The timing is perfect. Trevor Hoffman is in the Baseball Hall of Fame. A powerful flood of memories and emotions has overwhelmed the San Diego sports community. I can’t even think of Trevor without hearing AC/DC in the jukebox of my mind. Crazy to think that Hells Bells didn’t even become a “thing” for Trevor until the 1998 season. On July 25, 1998, TREVOR TIME was born. Hearing that first bell ring, in person, in the playoffs in 1998 at The Murph is one of the single greatest memories I have in sports. I’d never seen or heard a crowd electrified like that before. Instant eruption, an explosion of fans jumping to their feet, with booming cheers. It was like something out of a movie… turns out, as Trevor tells it, the inspiration did come from Ricky Vaughn in Major League coming in to Wild Thing. Love that. And all the excitement… the excitement was all for something that technically wasn’t even game action. It wasn’t in the field of play. It was the thrill of what was to come… a W.

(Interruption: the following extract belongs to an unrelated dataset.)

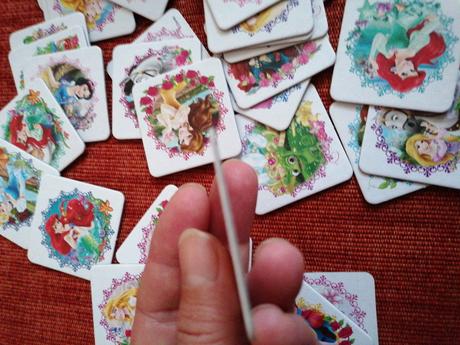 Drevené pexesso- princezny, 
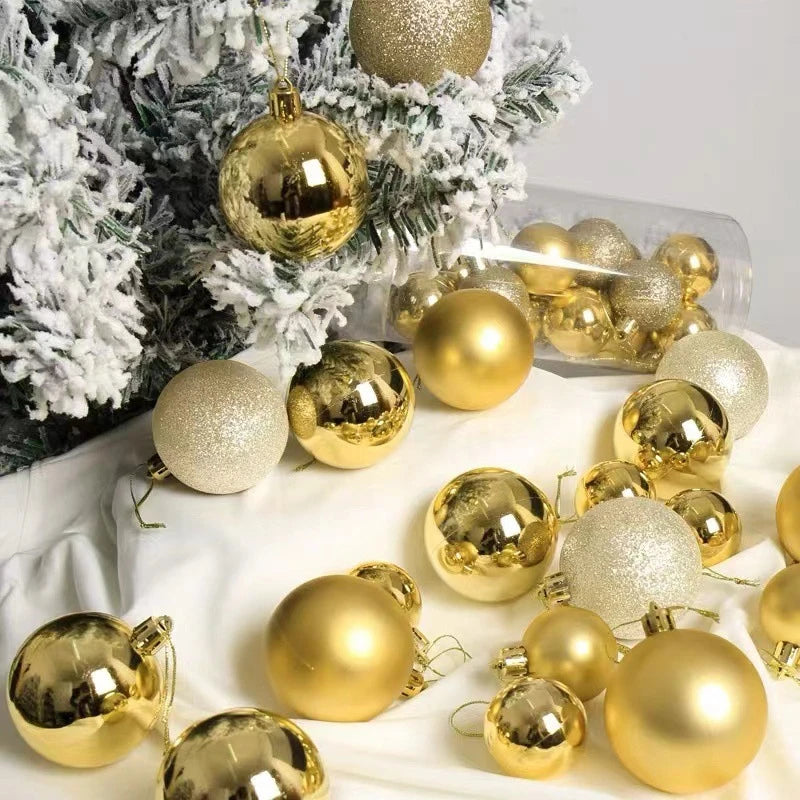 44Pcs 3/6CM Christmas Ball Christmas Tree Decoration Ornaments for Home Decor Halloween New Year Navidad Pendant Ball Accessory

I remember watching Trevor’s 300th save. Number 400 was in St. Louis, so I wasn’t there for that one. I was there for 479. It was breathtaking. I was there for 500. So were many of you. I remember being there for his retirement ceremony at Petco Park. We he walked out to Hells Bells with his family. I started crying uncontrollably. That’s not an exaggeration. Anybody who knows me, knows I’m a crier, but this… this was bad. Ugly cry. I couldn’t help myself. I was overwhelmed with joy that I was able to witness greatness and be a part of a sports community that universally loved somebody that absolutely deserved it. That feeling… that camaraderie… the bells ringing that unified a city. Sounds overly dramatic, I know. But that’s the only way I know how to describe what Trevor has done for this community. I could bore you with statistics I looked up on baseball reference, but those don’t do Trevor justice. He’s so much more than statistics. He’s a hero. He’s our hero. My dad was a firefighter, and my mom was a nurse, so I know not to throw the word “hero” around loosely. Trevor inspired a generation of fans, and will continue to do so as the face of San Diego.
Sure, San Diego sports has had its heroes. Seau, Gwynn, Tomlinson, to name a few. Nobody can ever take away the memories they gave us. Sadly, they, the individuals, can be taken from us. Under incredibly different tragic circumstances, Junior and Tony are both gone. LT? Well, LT followed the Chargers to LA. Not to say he’s not still loved here in San Diego, but the LA pill is a tough one to swallow. Enter stage right… newly minted Hall of Famer Trevor Hoffman. He’s here. He’s loving. He’s kind. He’s approachable. He literally checks every box of what you want your sports heroes to be as human beings. He is a role model to my children. He’s a role model to me. Trevor the human, is every bit as good, if not better, than Trevor Hoffman the Hall of Fame ballplayer. We put our sports heroes up on this pedestal, and we expect the world from them. It’s not fair to them, because they’re only human, and they will inevitably let us down. But not Trevor.
I cannot remember a time that San Diego sports fans were so united over the water cooler and twitter alike. It was glorious. Trevor was in the Hall and he did it for all of us. I’m still beaming with joy and pride that I live in a city that has Trevor Hoffman to look up to. I don’t care what the internet throws at me today… no amount of twitter hacks, or XFL rumors, will distract me from the pure bliss that I’m experiencing. Trevor in Cooperstown has filled my heart with joy, and my face with a smile. Thanks for the memories, Trevor, and thank you for giving us all a gleaming example of what it means to be a Hall of Famer.